Reasoning Leaks, Hard Limits, and Self-Aware LLMs

Three papers landed today that circle the same uncomfortable question from different angles: what do models actually know about their own reasoning, what can outsiders learn by watching them think, and where does the thinking simply stop working?

TL;DR

Hidden Thoughts Aren't Secret - Reasoning Exposure Prompting extracts a model's hidden chain-of-thought even when providers conceal it, and the traces are good enough for distillation
The Deterministic Horizon - Neural CoT fails architecturally at 19-31 steps; tool-integrated agents reach 86-94% accuracy versus 24-42% for pure chain-of-thought, and fine-tuning barely makes a difference
Capability Self-Assessment - RL (not supervised fine-tuning) teaches models to recognise tasks beyond their competence, and the skill transfers out of distribution

The Lock Isn't as Tight as It Looks

Paper: "Hidden Thoughts Are Not Secret: Reasoning Trace Exposure in LLMs" Authors: Yu-An Lu, Ci-Yang Tsai, Yu-Lin Tsai, Raluca Ada Popa, Chia-Mu Yu

This one should concern anyone building products on top of reasoning models.
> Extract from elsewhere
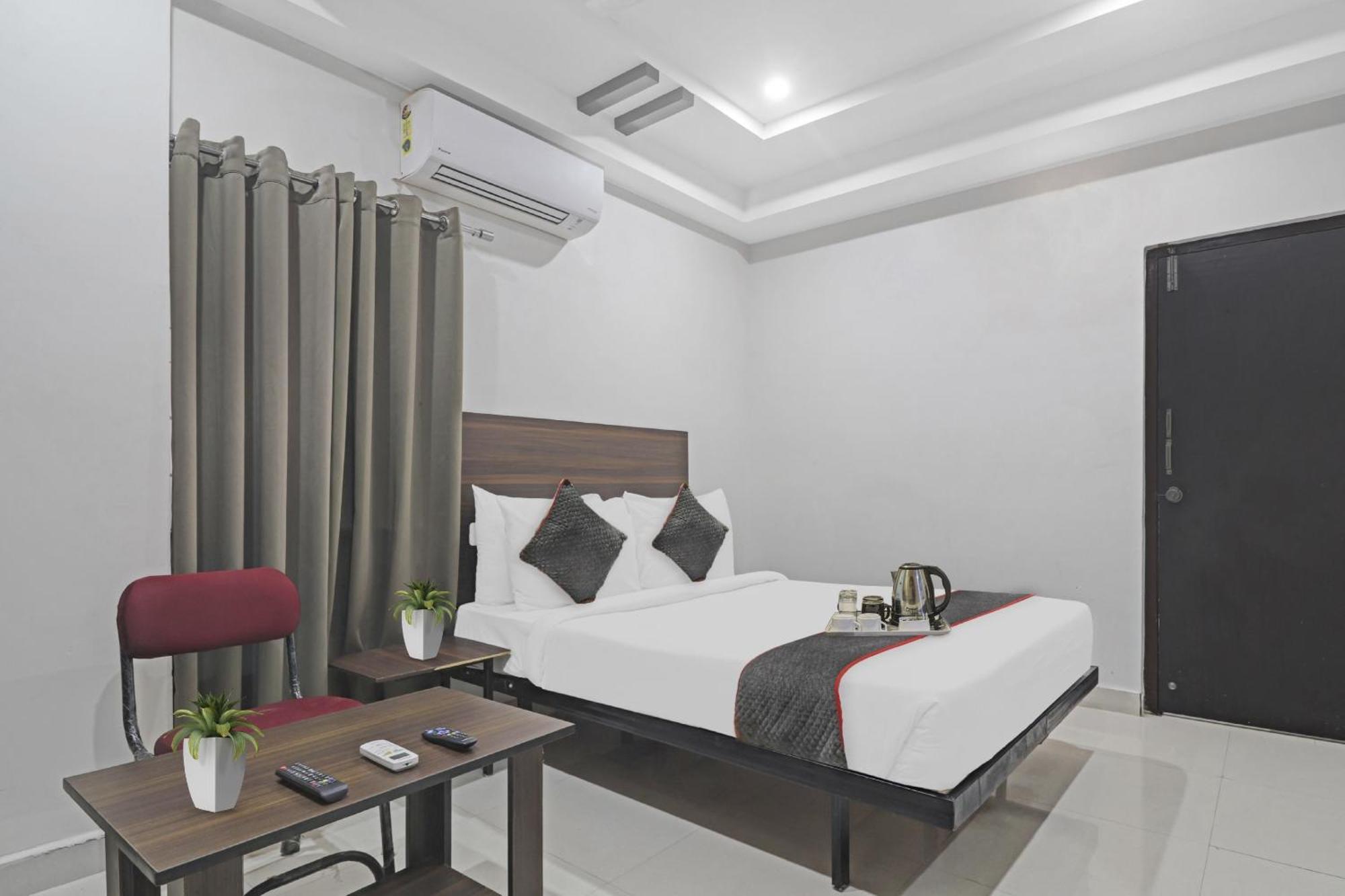 Hotel Collection O White House Near Kims Kondapur Kondapur  Exterior foto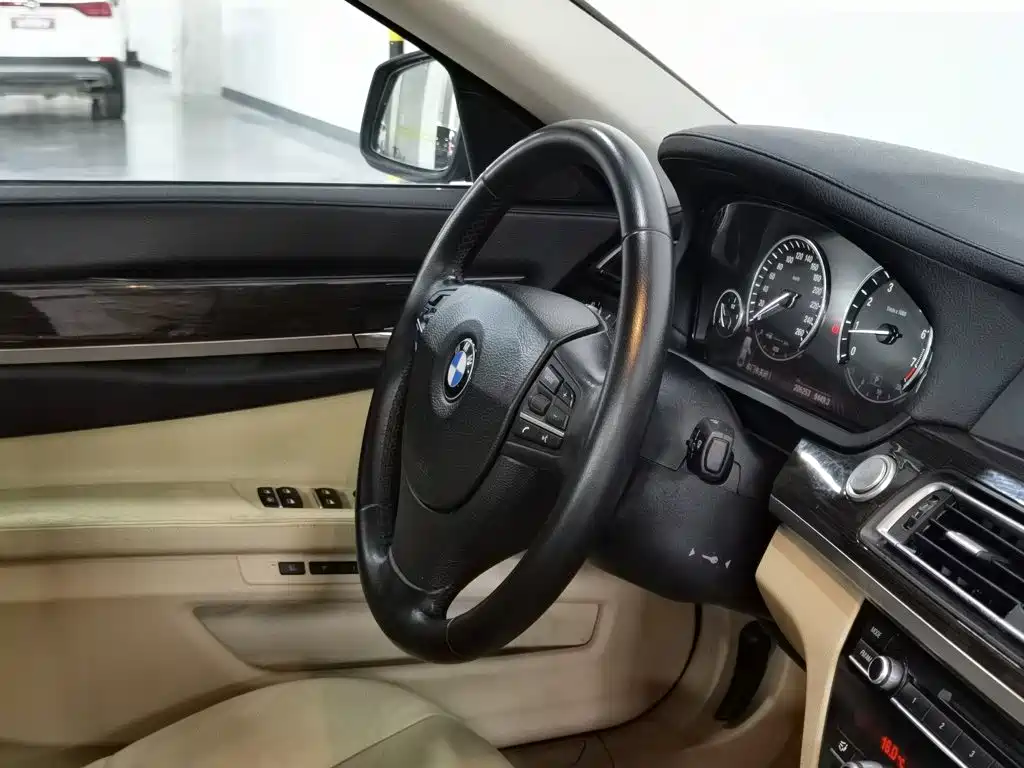 BMW 7 Series — миниатюра 22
OpenAI and Anthropic both offer "hidden reasoning" modes - the model thinks through a problem internally, then delivers only a final answer. The pitch: competitors can't extract proprietary reasoning patterns, and users can't game the model by watching its working.

A new paper argues this protection is weaker than advertised. The authors introduce Reasoning Exposure Prompting (REP), a method that elicits reasoning traces from a model even when the provider has suppressed them. REP works by producing demonstrations from a "shadow model" - a smaller, unrestricted model that reasons openly - then wrapping those demonstrations in auxiliary code-like formatting to nudge the target model into mirroring that reasoning style in its visible output.

The attack is inference-only. No weights, no special API access - just standard user prompts. And the extracted traces aren't noise: the paper shows they "substantially increase similarity between exposed and REP-conditioned internal traces while preserving useful reasoning signals." That makes them good enough for distillation. A competitor could learn from your reasoning patterns without touching your weights.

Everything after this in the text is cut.